State knife laws designed to protect your rights are pending in Florida and Tennessee, according to a Knife Rights news release.
In Florida, SB458 is a knife law preemption act. Knife law preemption prevents local governments from passing knife ordinances more restrictive than the state’s current laws.
If passed, it would make Florida the eighth state to implement knife law preemption. Florida State Senator Thad Altman reintroduced the bill for the state’s upcoming 2014 legislative session.
In Tennessee, state senator Mike Bell has introduced SB1438, which would complete the job of updating the state’s knife laws. Along with Knife Rights, Bell helped pass knife law preemption in Tennessee last year. However, the Tennessee Sheriff’s Association (TSA) assisted in defeating an attempt to overturn the state’s outdated ban on automatics and knives with blades over 4 inches long.
Meanwhile, according to the release, Knife Rights has worked closely with TSA Executive Director Terry Ashe to address TSA’s concerns over the removal of the ban while at the same time eliminating its oppressive effect on the state’s law-abiding citizens. SB1438 is the result of those negotiations.

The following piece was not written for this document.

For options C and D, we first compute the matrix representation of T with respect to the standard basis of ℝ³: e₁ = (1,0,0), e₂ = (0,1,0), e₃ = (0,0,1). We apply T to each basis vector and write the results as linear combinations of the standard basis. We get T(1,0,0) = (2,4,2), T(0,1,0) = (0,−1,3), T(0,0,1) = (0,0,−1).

As for Florida’s SB458, it contains a number of stipulations that should appeal to anyone in favor of controlling oppressive governance, including the provision that certain elected or appointed officials are liable for damages and attorney fees as the result of violations of the act. It would also mandate the termination of employment or removal from office of an official in violation of the act.

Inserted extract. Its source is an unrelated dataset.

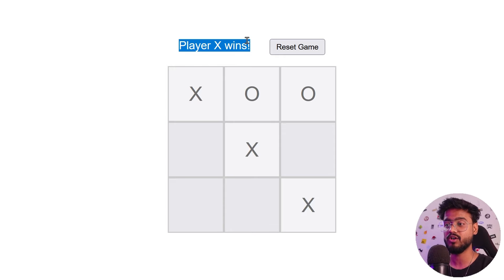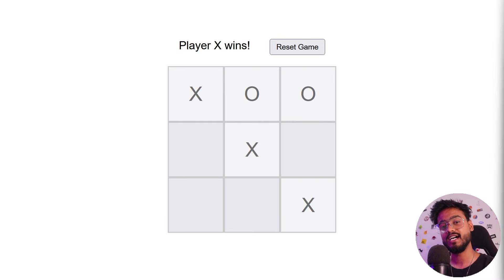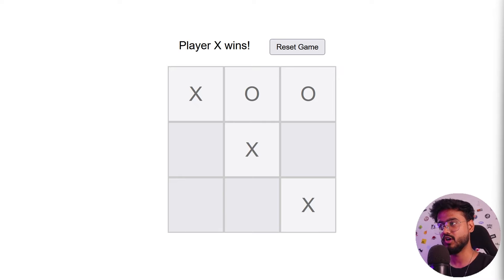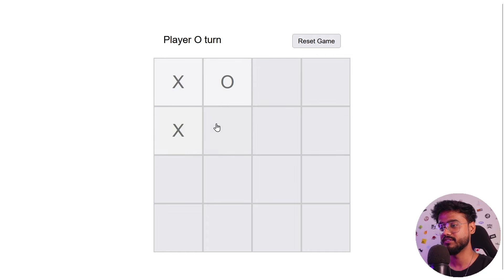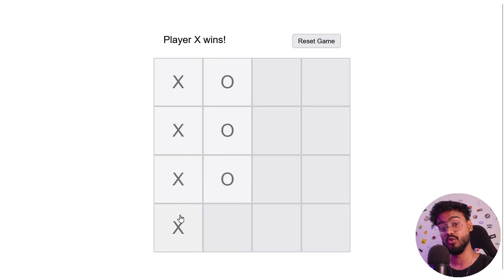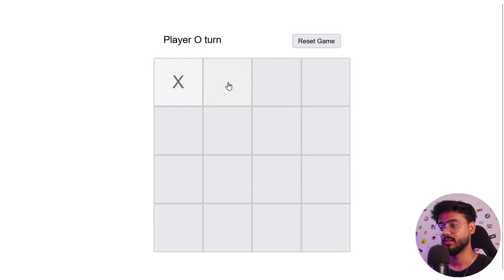We're not just going to stop there. In more advanced interviews, interviewers ask us to manipulate the size of the board as well. If we give the prop size as four, we get a board of four by four boxes, and to win on this board we have to match four X's or O's together. You won't find other videos on YouTube that talk about this particular approach.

SB458 would also impose penalties for enacting or failing to repeal rules or ordinances that conflict with the act, and also prohibit the future enactment of rules and ordinances relating to knives, common pocketknives and weapons by any entity other than the legislature. It would also prevent a state agency or political subdivision from enacting a rule, ordinance or tax relating to knives, knifemaking components, common pocketknives or weapons, including but not limited to the use, transportation, possession, carry, sale, transfer, purchase, gift, licensing or registration of such knives or weapons.